**Your instructions:** When you reach the line that contains "8236 Northview Rd, Dundalk, MD 21222 photo 2", set down that line and every one after it through the end of the records, exactly as written and with no pictures.

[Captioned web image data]
++++++++++

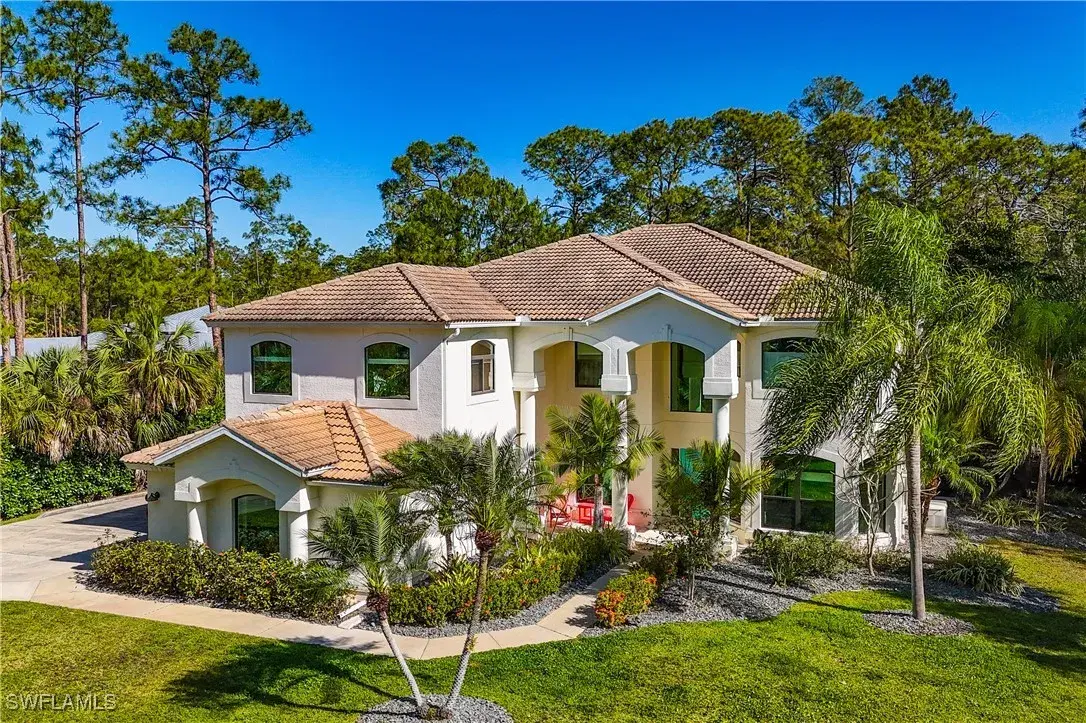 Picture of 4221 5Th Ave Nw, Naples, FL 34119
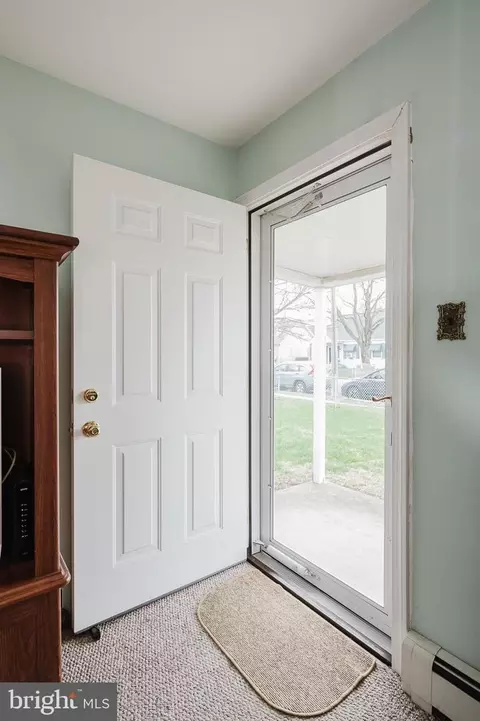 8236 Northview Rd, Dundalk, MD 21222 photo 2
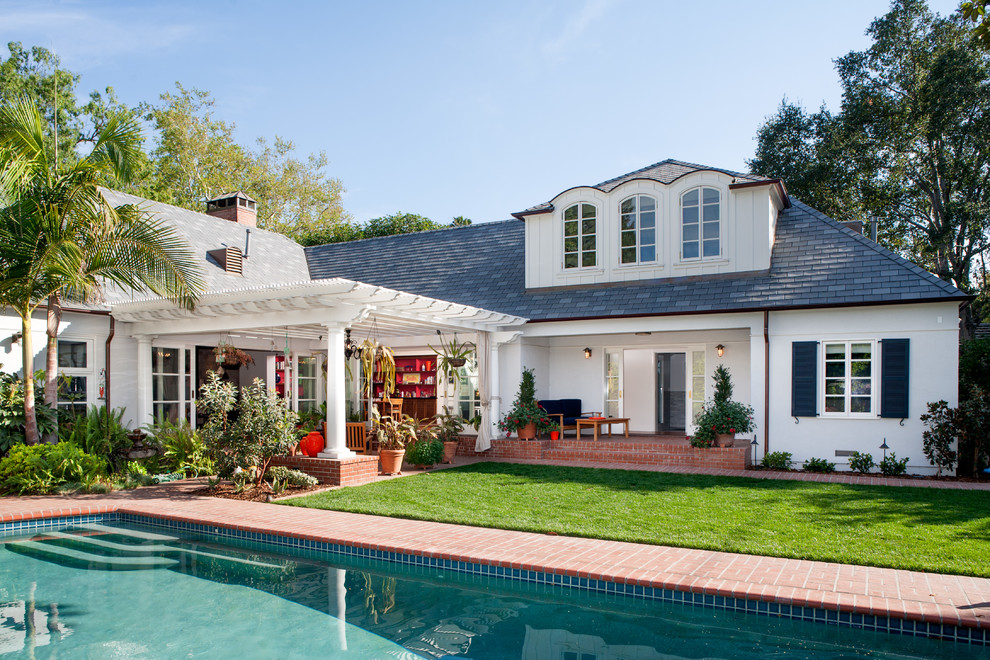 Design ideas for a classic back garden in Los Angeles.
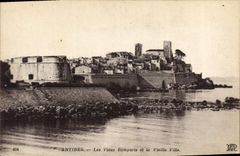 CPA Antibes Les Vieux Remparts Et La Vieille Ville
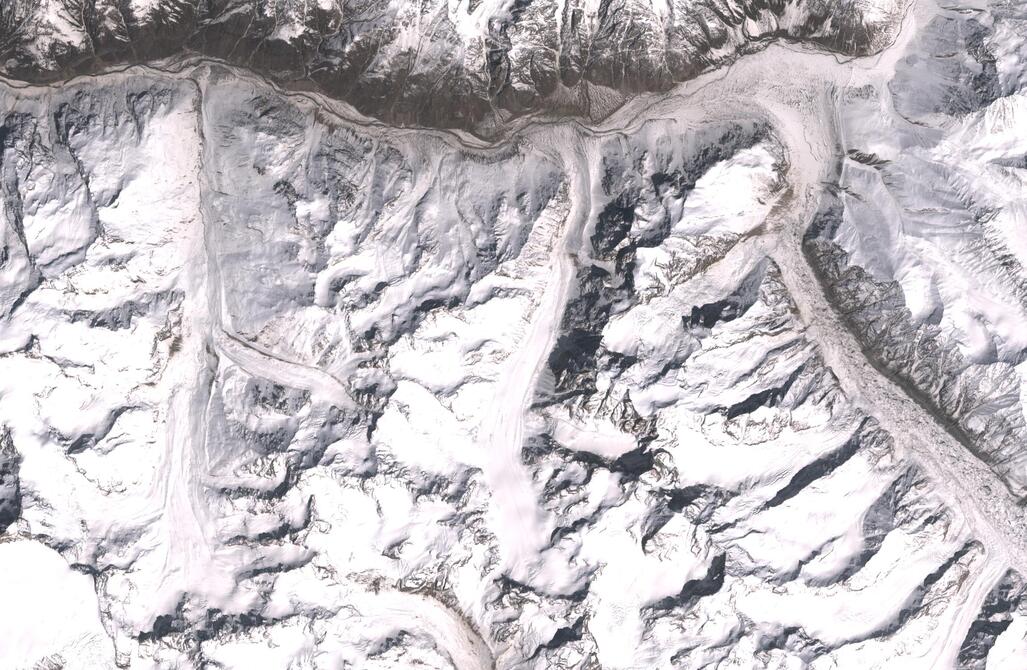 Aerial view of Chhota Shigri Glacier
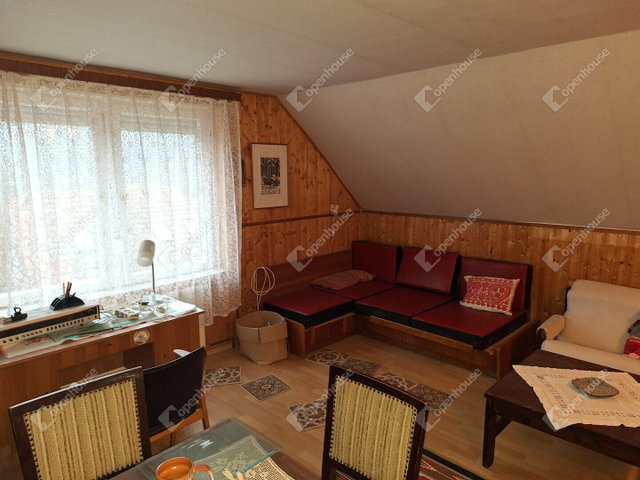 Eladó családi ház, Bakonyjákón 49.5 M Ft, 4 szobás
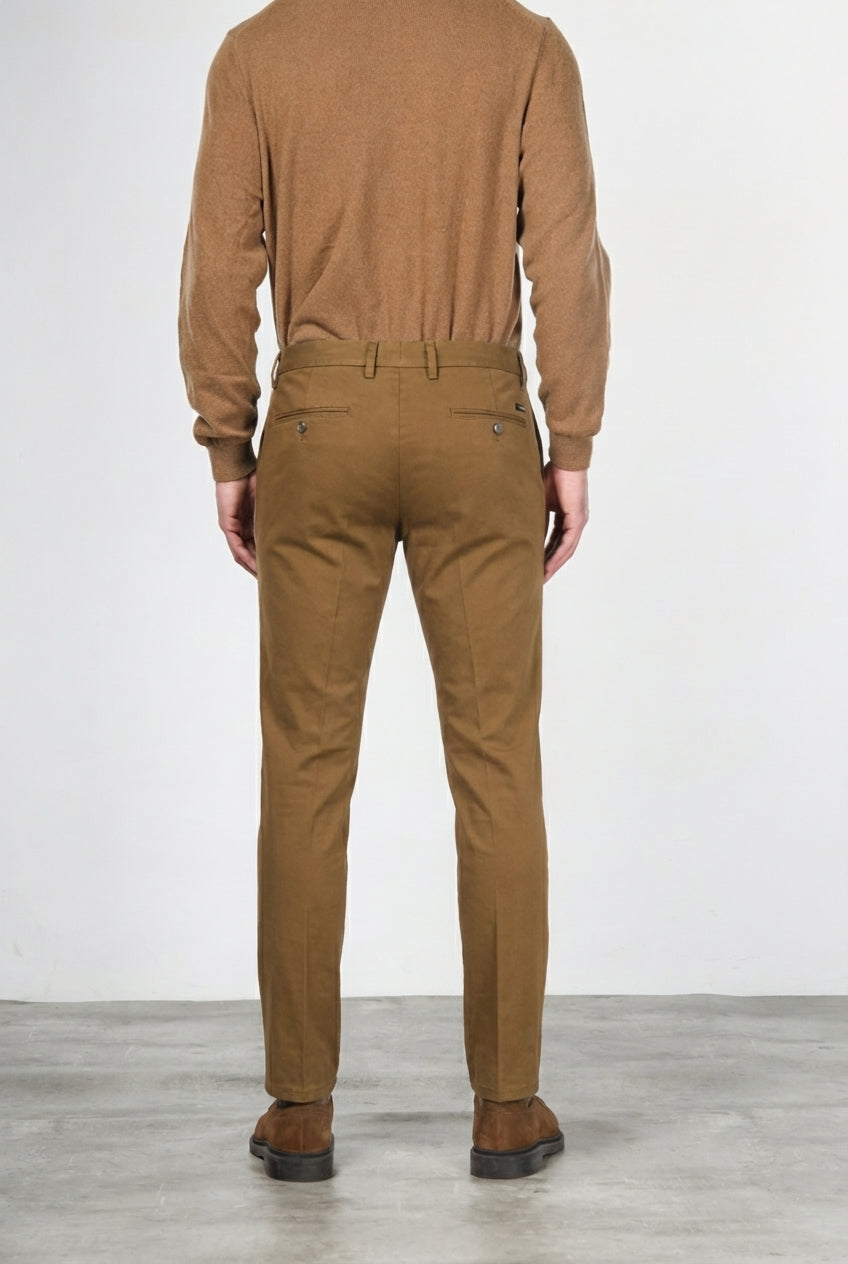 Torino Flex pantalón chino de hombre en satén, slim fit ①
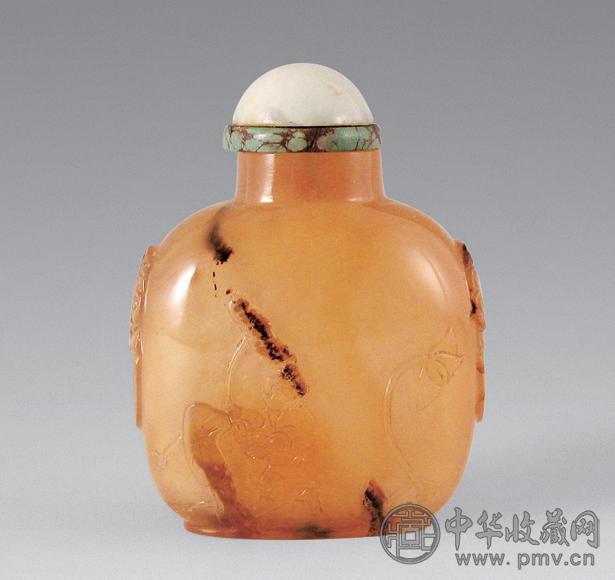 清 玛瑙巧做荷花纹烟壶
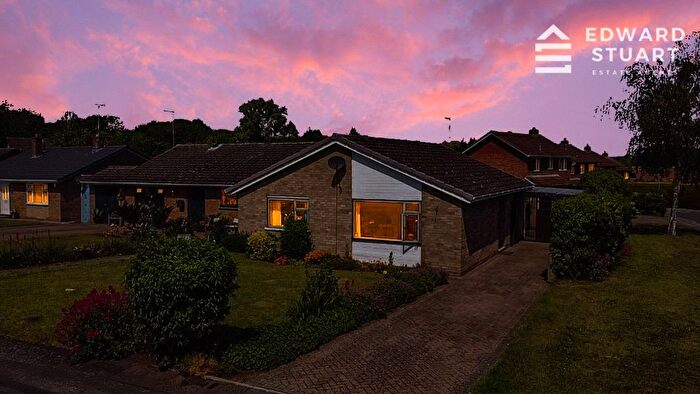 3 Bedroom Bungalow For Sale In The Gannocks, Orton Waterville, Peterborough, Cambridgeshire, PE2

++++++++++

**Completed task:**
 8236 Northview Rd, Dundalk, MD 21222 photo 2
 Design ideas for a classic back garden in Los Angeles.
 CPA Antibes Les Vieux Remparts Et La Vieille Ville
 Aerial view of Chhota Shigri Glacier
 Eladó családi ház, Bakonyjákón 49.5 M Ft, 4 szobás
 Torino Flex pantalón chino de hombre en satén, slim fit ①
 清 玛瑙巧做荷花纹烟壶
 3 Bedroom Bungalow For Sale In The Gannocks, Orton Waterville, Peterborough, Cambridgeshire, PE2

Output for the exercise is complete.